I had tried smoking pot a couple times last year, to alleviate the anxiety I feel. It seemed like a good idea because I know other people who use it for just that – and they seemed happy with the results. The first time I successfully got high was pretty good too, so I continued.
That was, until late November of last year, I experienced hell. I experienced the ironic testament that spit in the face of all the cautionary tales I had told myself about immortality, and how it would be a bad wish to make. I experienced a subjective week – all in a matter of twenty minutes – where I felt my body begin to separate from my consciousness, and an unparalleled fear that I was actually in limbo, forever to spend the rest of my existence staring down at the stainless steel sink in my kitchen.

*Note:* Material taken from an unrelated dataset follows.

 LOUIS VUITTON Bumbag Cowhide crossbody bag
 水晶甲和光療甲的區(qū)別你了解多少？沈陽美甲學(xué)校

When I got out of it, I had a single thought in my mind. I am fortunate it was not longer.
***
Now… if there were any moral I would take away from this experience, it would be “Don’t do drugs”, but I’m beginning to think my thoughts on the experience are more personal than the other individual.
Because I did it again! In my mind I’ve been trying to adjust to an existence where I live forever, because, it very well could happen again; Drugs exist! What a stupid idea that was, to subject myself to the same conditions that could so easily drive me over the edge, had it been a subjective month – or year – or millennia. I voluntarily brought myself back into my personal hell, forced to live through the same mental imagery I never want to see again. I’m sick of it, and yet…
I look at people who want to live an eternal life; religions and psychonauts, and I ask myself: What do they know that I don’t? What do they feel that I don’t? I ask myself constantly if there’s a hidden answer everyone else knows but myself, that would justify this voluntary capitulation to the conscious, eternal void. Even now, I have a conflicting desire to try smoking again, because under the right mindset, it could be so freeing. I want that, and I don’t think I can simply because of who I am.
I want life to be temporary, but I certainly don’t believe that anymore. I feel death is less a means to an end, and more a means to forget.
1 comment
Perhaps if one is sufficiently at peace with themselves, then eternity is nothing to fear. I know that for me the prospect of being trapped in my own mind for any significant period is terrifying.